Much discussion ensued about assumptions and stereotypes. We all do it I suppose, but so much better to look behind the assumption and perceive the individual and their place in the world. Also how it's possible to have a foot in both worlds if you speak another language than English at home for example. I think it's possible to extrapolate from one experience of 'cultural' identity and apply it to another.

Tomorrow there is a seminar on the next course we might take. I shall report back.

Wednesday, 11 March 2009

Presentation

So anyway, I have decided what I will talk about on Friday. In terms of family dynamics, prior to the course, I was always a great one for 'solving' whatever crisis was going on. Not only with the children but also in my relationship with my husband. Though my willingness to deal with issues is probably a good thing, my coping strategies have not always been a good choice. So, lately (faced with a fairly insoluble situation) I have decided on a new approach: Stepping away and just seeing what might happen.

The one major benefit is that I seem to have got rid of an almost crippling anxiety. I think I've noticed this because I've been lugging it around for years. My baggage as it were. Something that started when my father died and I had to become emotionally self-sufficient. An event that coincided with puberty and its attendant insecurities. I really think at the age of 49, I'm allowed to put it down.

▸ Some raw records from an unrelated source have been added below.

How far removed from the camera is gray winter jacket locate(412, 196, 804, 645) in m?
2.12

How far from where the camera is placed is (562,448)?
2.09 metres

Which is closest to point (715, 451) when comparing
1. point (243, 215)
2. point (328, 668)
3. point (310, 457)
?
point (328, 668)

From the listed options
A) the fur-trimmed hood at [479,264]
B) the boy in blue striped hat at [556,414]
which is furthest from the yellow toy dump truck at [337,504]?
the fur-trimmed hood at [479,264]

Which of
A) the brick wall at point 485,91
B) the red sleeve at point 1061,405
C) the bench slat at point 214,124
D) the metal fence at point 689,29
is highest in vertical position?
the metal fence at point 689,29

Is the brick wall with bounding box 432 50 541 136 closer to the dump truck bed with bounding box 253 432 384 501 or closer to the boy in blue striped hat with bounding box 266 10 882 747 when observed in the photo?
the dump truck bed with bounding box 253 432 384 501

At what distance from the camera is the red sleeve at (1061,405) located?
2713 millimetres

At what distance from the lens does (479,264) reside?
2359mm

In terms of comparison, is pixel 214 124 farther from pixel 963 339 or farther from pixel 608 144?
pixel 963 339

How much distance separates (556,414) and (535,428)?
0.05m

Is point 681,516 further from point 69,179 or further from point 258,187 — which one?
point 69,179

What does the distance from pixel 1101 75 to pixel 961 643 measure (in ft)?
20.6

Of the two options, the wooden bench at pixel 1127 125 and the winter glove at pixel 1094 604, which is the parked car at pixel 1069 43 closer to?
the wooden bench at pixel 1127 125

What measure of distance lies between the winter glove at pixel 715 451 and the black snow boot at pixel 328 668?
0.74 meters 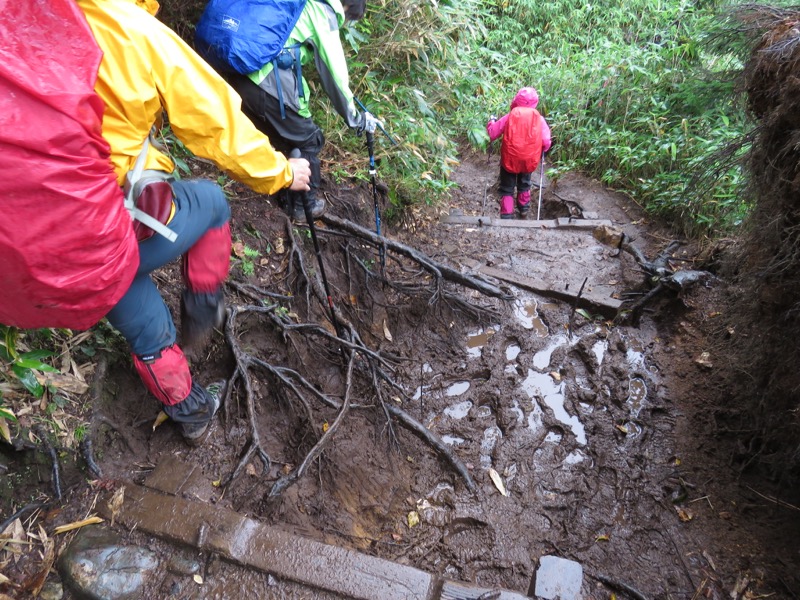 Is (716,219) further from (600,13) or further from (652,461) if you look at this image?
(600,13)

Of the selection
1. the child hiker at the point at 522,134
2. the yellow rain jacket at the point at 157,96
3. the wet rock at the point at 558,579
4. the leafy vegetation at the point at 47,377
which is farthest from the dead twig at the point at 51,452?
the child hiker at the point at 522,134

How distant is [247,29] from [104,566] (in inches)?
117

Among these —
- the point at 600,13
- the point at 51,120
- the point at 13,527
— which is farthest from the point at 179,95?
the point at 600,13

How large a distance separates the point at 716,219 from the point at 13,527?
253 inches

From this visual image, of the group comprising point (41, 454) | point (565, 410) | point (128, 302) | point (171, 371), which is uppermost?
point (128, 302)

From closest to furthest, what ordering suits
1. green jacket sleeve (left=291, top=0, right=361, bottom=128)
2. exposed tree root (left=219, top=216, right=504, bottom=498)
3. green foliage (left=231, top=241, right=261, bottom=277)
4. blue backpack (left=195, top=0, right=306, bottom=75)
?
1. exposed tree root (left=219, top=216, right=504, bottom=498)
2. blue backpack (left=195, top=0, right=306, bottom=75)
3. green jacket sleeve (left=291, top=0, right=361, bottom=128)
4. green foliage (left=231, top=241, right=261, bottom=277)

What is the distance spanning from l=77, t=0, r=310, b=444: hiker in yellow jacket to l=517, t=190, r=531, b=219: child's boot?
6.46 metres

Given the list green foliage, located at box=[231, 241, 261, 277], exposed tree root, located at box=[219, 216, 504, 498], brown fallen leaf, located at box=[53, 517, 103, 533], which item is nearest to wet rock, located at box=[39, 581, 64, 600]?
brown fallen leaf, located at box=[53, 517, 103, 533]

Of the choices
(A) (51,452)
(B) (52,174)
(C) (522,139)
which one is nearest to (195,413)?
(A) (51,452)

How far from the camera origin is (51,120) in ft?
4.08

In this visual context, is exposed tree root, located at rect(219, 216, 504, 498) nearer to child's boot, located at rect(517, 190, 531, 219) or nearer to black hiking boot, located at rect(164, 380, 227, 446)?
black hiking boot, located at rect(164, 380, 227, 446)

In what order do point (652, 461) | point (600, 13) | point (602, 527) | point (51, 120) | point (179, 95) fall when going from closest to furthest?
point (51, 120), point (179, 95), point (602, 527), point (652, 461), point (600, 13)

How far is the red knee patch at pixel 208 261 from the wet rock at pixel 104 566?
1.15 m

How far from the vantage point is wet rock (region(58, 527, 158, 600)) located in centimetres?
195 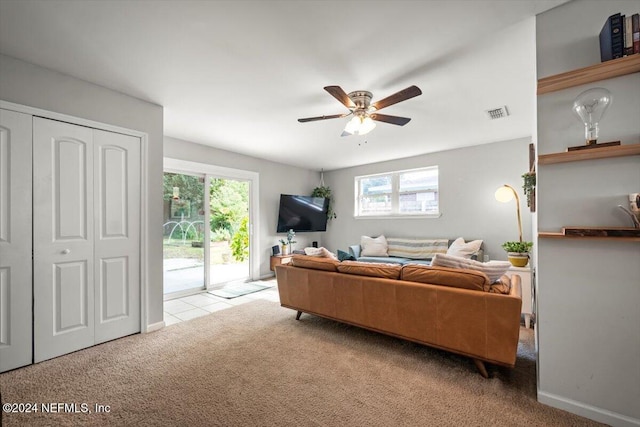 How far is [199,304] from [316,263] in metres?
2.11

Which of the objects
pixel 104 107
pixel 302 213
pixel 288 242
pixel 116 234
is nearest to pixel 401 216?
pixel 302 213

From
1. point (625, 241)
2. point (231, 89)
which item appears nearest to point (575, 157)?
point (625, 241)

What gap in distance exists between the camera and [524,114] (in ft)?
10.8

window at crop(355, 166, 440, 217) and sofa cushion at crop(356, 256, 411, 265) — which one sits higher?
window at crop(355, 166, 440, 217)

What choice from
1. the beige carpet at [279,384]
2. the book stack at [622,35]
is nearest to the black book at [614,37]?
the book stack at [622,35]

Wednesday, 11 February 2009

Writing styles: 6th February 2009

Today we discussed different writing styles in preparation for the first essay.

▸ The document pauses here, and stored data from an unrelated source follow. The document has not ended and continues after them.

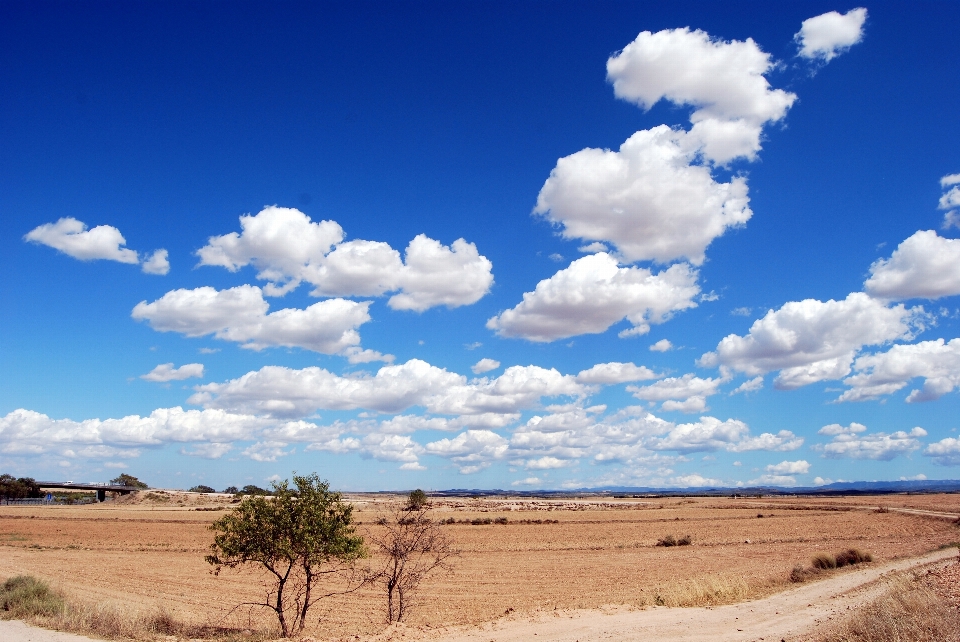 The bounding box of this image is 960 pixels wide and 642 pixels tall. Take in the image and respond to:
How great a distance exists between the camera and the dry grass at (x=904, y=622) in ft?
39.4

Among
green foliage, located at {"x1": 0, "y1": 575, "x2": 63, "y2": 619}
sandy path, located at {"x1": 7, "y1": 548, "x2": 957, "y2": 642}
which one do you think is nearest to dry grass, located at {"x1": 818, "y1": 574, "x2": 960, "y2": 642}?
sandy path, located at {"x1": 7, "y1": 548, "x2": 957, "y2": 642}

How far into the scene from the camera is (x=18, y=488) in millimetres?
160625

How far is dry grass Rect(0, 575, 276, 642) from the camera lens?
55.7 ft

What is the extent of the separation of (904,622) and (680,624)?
217 inches

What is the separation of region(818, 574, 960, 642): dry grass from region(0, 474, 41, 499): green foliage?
636 feet

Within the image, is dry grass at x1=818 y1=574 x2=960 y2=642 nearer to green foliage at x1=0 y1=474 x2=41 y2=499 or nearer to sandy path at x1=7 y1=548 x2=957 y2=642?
sandy path at x1=7 y1=548 x2=957 y2=642

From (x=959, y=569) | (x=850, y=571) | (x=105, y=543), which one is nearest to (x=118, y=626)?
(x=959, y=569)

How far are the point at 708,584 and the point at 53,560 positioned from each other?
135ft

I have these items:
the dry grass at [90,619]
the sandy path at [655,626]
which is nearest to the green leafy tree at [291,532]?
the dry grass at [90,619]

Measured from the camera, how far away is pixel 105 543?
54219 mm

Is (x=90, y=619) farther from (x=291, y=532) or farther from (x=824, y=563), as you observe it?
(x=824, y=563)

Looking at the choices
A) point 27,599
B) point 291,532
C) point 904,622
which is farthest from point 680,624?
point 27,599

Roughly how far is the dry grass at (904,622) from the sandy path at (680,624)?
1.59 m

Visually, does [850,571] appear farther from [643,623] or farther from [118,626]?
[118,626] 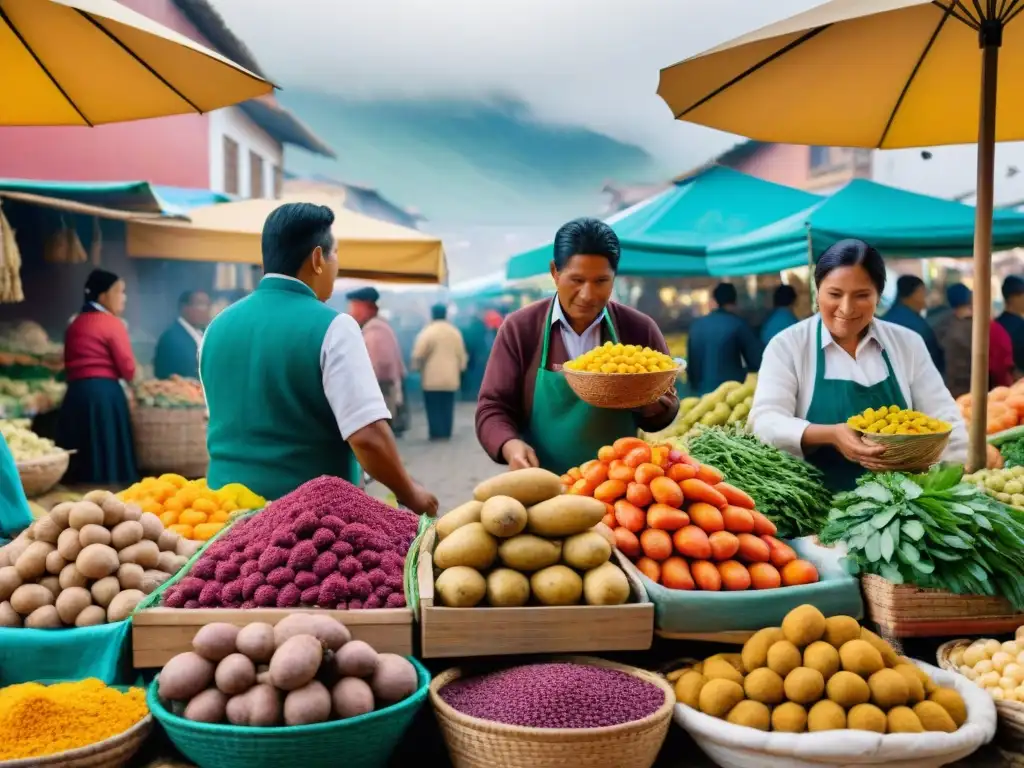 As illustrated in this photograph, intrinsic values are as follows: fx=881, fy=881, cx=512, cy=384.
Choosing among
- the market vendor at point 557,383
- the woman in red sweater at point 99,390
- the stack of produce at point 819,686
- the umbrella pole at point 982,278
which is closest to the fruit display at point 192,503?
the market vendor at point 557,383

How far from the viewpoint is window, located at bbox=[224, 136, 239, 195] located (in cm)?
1730

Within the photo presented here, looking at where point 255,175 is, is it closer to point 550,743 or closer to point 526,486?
point 526,486

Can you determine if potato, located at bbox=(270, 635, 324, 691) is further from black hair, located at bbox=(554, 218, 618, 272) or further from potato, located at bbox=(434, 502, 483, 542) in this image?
black hair, located at bbox=(554, 218, 618, 272)

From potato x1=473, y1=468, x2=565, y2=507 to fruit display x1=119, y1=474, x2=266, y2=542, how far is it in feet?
3.20

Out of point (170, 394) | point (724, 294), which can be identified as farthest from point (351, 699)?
point (724, 294)

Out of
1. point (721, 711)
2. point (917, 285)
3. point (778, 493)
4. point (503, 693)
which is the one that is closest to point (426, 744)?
point (503, 693)

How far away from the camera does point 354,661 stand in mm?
1898

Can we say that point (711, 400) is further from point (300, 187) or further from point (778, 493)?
point (300, 187)

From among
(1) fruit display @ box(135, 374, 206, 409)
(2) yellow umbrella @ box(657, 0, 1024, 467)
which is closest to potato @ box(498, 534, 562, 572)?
(2) yellow umbrella @ box(657, 0, 1024, 467)

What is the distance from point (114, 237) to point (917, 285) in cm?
856

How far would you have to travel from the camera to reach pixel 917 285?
7867 millimetres

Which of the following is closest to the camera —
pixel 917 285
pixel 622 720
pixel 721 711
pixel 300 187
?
pixel 622 720

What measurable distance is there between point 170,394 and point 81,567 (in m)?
6.37

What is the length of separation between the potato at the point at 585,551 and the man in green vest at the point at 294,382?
0.92 m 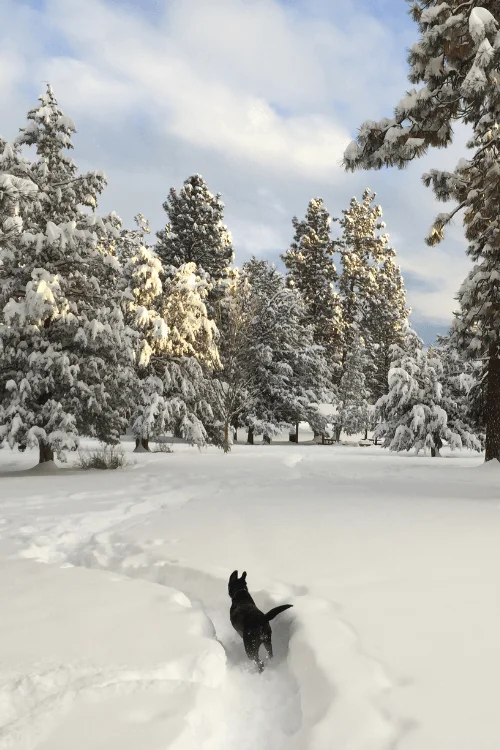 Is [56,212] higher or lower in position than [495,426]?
higher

It became apparent that a certain balance between the academic and the vernacular was preferable. On the one hand, any quotes should be rigorously referenced to back up (or disprove) your argument but on the other hand there was every danger of sending your tutor to sleep if the tone was too dry and removed from personal experience. Spacing, font, paragraphs and grammar all have their part to play here. Also an awareness of the audience, as it were.

This followed a very honest presentation by M who spoke candidly about how he has altered in his relationships since beginning the course.

Thursday, 29 January 2009

9th January 2009


An interesting presentation from E who recounted an aggressive encounter she had had when in her other job as a nanny and accompanied by her young charge. She handled it very well but was shaken by the incident. The group were very reassuring and supportive as we discussed various interpretations for the woman's behaviour: something hard to pin down as it is difficult to know what goes on in someone else's head. We agreed that a certain amount of projection and transference must have been going on (on the part of the aggressor) and that it was unlikely to just come out of nothing or indeed as a reaction to anything E might have done.

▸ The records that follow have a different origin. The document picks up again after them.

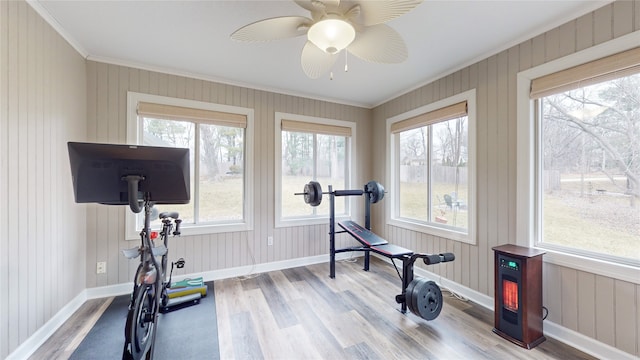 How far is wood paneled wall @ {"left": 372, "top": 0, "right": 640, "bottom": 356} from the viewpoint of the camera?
5.76 feet

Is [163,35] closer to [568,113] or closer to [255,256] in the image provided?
[255,256]

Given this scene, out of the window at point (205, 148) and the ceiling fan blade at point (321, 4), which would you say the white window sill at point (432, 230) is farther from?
the ceiling fan blade at point (321, 4)

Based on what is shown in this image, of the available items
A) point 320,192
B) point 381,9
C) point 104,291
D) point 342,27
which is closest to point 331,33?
point 342,27

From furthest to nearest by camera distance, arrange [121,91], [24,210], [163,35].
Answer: [121,91] → [163,35] → [24,210]

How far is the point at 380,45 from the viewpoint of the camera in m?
1.70

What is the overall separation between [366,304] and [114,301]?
2.61m

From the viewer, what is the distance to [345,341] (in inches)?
78.9

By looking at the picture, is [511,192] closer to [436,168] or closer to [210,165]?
[436,168]

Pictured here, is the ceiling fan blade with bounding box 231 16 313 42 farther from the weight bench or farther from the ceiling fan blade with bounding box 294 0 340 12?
the weight bench

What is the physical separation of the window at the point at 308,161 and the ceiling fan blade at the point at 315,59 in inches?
66.8

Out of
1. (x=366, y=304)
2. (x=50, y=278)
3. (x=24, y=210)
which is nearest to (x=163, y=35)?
(x=24, y=210)

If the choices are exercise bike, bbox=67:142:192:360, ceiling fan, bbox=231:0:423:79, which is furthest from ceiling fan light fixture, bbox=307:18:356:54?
exercise bike, bbox=67:142:192:360

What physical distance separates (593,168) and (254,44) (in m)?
3.05

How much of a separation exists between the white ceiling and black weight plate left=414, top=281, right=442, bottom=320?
7.37ft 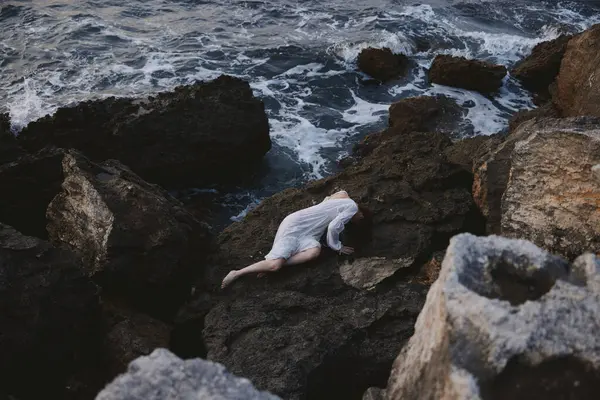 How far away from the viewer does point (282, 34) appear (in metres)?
17.8

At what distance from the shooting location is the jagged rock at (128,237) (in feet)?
19.2

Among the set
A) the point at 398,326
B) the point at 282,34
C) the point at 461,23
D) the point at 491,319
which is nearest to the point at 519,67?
the point at 461,23

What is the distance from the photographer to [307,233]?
6.31m

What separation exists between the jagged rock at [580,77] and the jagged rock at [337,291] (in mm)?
1947

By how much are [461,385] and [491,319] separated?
284mm

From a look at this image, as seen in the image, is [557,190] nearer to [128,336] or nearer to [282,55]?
[128,336]

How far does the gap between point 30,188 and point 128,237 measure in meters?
2.87

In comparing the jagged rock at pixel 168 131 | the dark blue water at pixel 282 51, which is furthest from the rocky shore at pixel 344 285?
the dark blue water at pixel 282 51

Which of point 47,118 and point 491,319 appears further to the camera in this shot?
point 47,118

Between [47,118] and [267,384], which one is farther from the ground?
[267,384]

We then moved on to how we felt about the break and how we felt about coming back to the group. J and I talked about her self-doubt and how she very nearly gave up on the course altogether because of it but I felt she could draw on that feeling as an empathic tool for counselling. We are not experts after all, we are just human.

I then spoke about the holidays, a break in which everybody seemed to be moaning about something. I felt my own concerns to fade somewhat into the background in an attempt to keep everybody happy.

We moved on to different writing styles and discussed it in counselling ways. This I did with T. We identified creative writing, stream of consciousness writing and the academic form. We took turns to speak and to listen. Hard for me to keep my fat mouth shut. Note to self: LISTEN, DON'T INTERRUPT.

Saturday, 15 November 2008

That's the way to do it!


As part of the course we all have to do a five minute presentation demonstrating how the course has affected our lives on a day to day basis, as it were.

As a writer, I am tempted to make a short piece utilising a Punch And Judy Scenario. Punch and Dr Freud perhaps, in which Judy, exasperated with Punch's unreconstructed macho behaviour beats him to a pulp with his own stick and feeds him to the crocodile (sausage first of course). I shall then invite my fellow students to analyse my unconscious motivations in writing the piece.